Sen. Al Franken, D-Minn., told the new Securities and Exchange Commission chairwoman, Mary Jo White, in a Tuesday letter to act now in preventing Wall Street brokerage firms from forcing investors into “unfair” arbitration agreements.
“Minnesotans planning for retirement or saving for their children’s college funds rely on the advice of their brokers to help them make smart investment choices,” Franken said in the letter, which was also signed by 36 other senators and House colleagues. “However, when brokers engage in fraudulent or illegal behaviors that lose investors’ savings, mandatory arbitration clauses limit investors’ ability to protect their rights under the law.”
Franken and the other lawmakers urged the SEC to use its existing authority under Section 921 of the Dodd-Frank Act to prevent mandatory arbitration clauses in broker-investor contracts.
“We are deeply concerned that the commission’s failure to respond to the dangers posed by widespread forced arbitration will weaken existing investor protections,” wrote Franken and his colleagues. “We urge the commission to act quickly to exercise its authority…to prevent this practice and protect investor rights.”
SEC spokesman John Nester said the agency declined to comment “in advance of our response to the senator, but as a general matter we share his interest in this issue.”
The lawmakers said the need for the SEC to act increased after Charles Schwab recently expanded its mandatory arbitration clauses.

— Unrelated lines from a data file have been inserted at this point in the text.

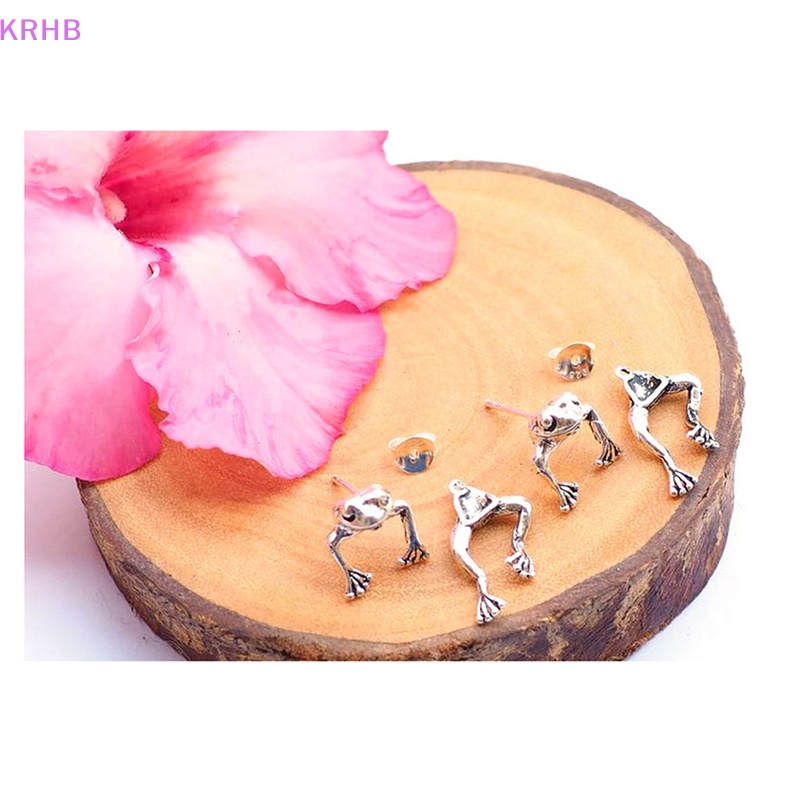 1 Đôi Bông Tai Hình Chú Ếch Phong Cách Gothic Thời Trang Dành Cho Nữ Y2k Mới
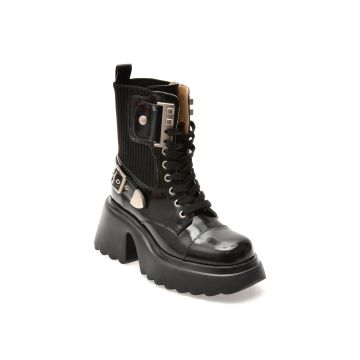 Bocanci GRYXX negre, 250111, din piele naturala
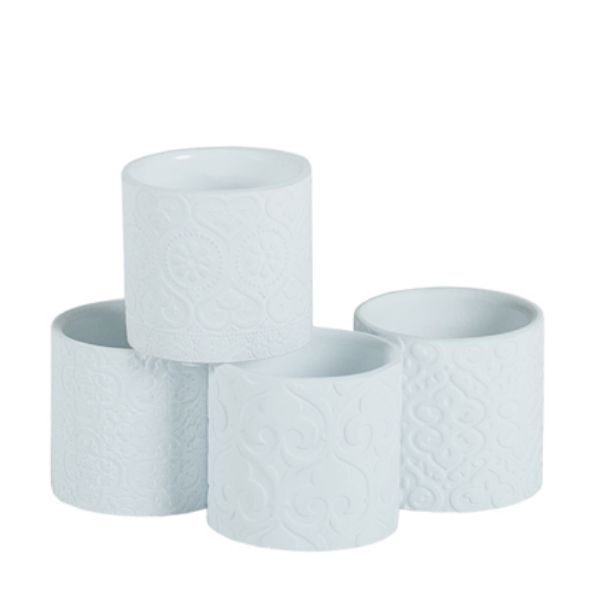 2.25’’ X 2.25’’ ROUND EMBOSSED WHITE CEMENT (price per each, box has assortment)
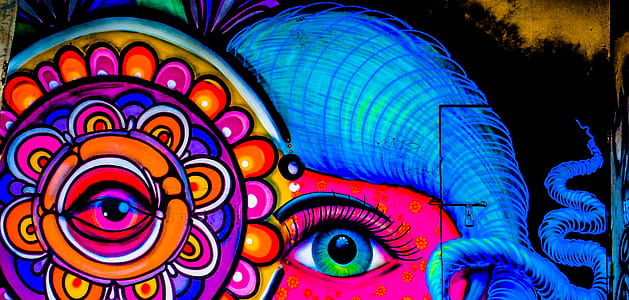 close-up photo of multicolored abstract painting thumbnail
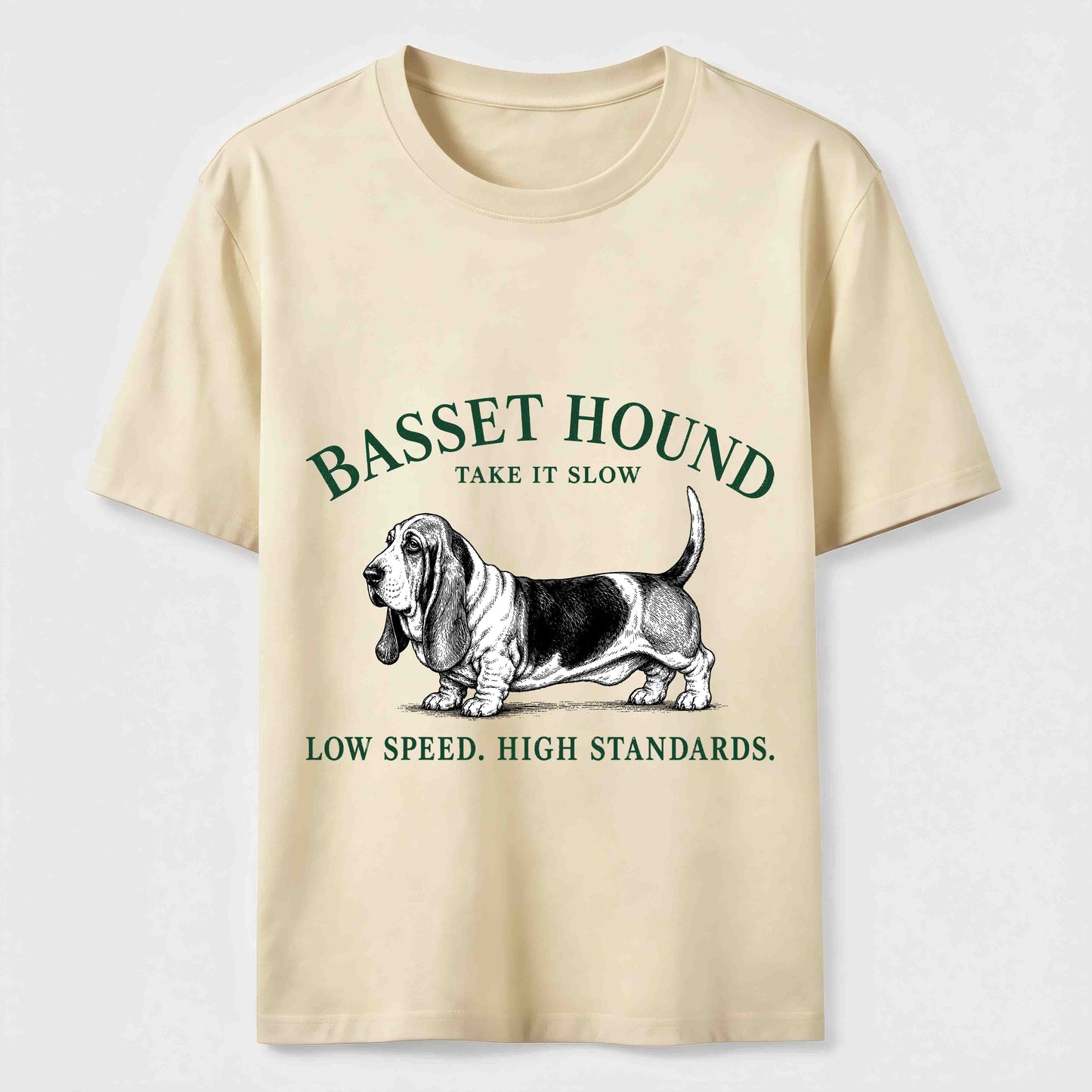 Take It Slow Basset Hound Tee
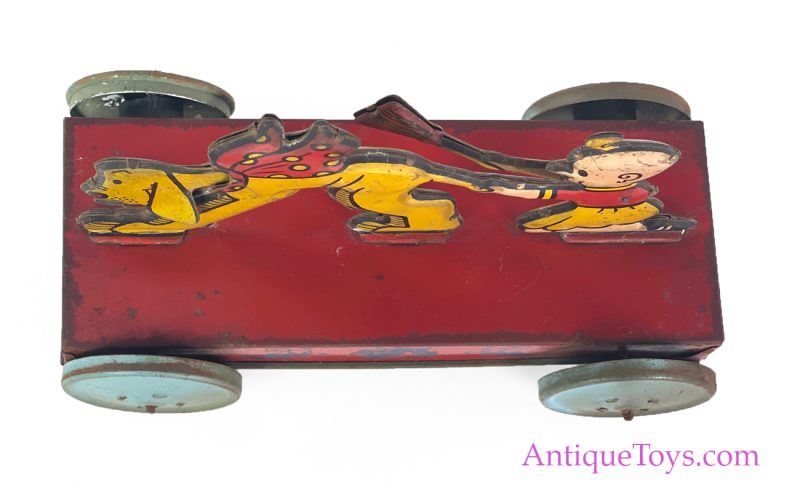 Nifty Toys by J. Chein Tin Lithographed ButterCup and SpareRibs Pull Toy <FONT COLOR="ff000 ">*SOLD*</font> - Image 8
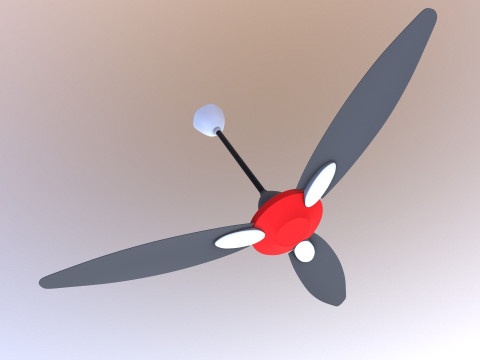 Потолочный вентилятор 3D Модель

“We were alarmed to see further attempts to erode investor rights when Charles Schwab, one of the country’s largest brokers, expanded the mandatory arbitration clauses in its customer agreements to include a mandatory class-action waiver clause,” the lawmakers wrote in their letter. “In this instance, Schwab argued that, in response to the Supreme Court’s interpretation of the Federal Arbitration Act (FAA) in AT&T Mobility v. Concepcion, it could include a waiver of class-action and class arbitration rights in its customer agreements.”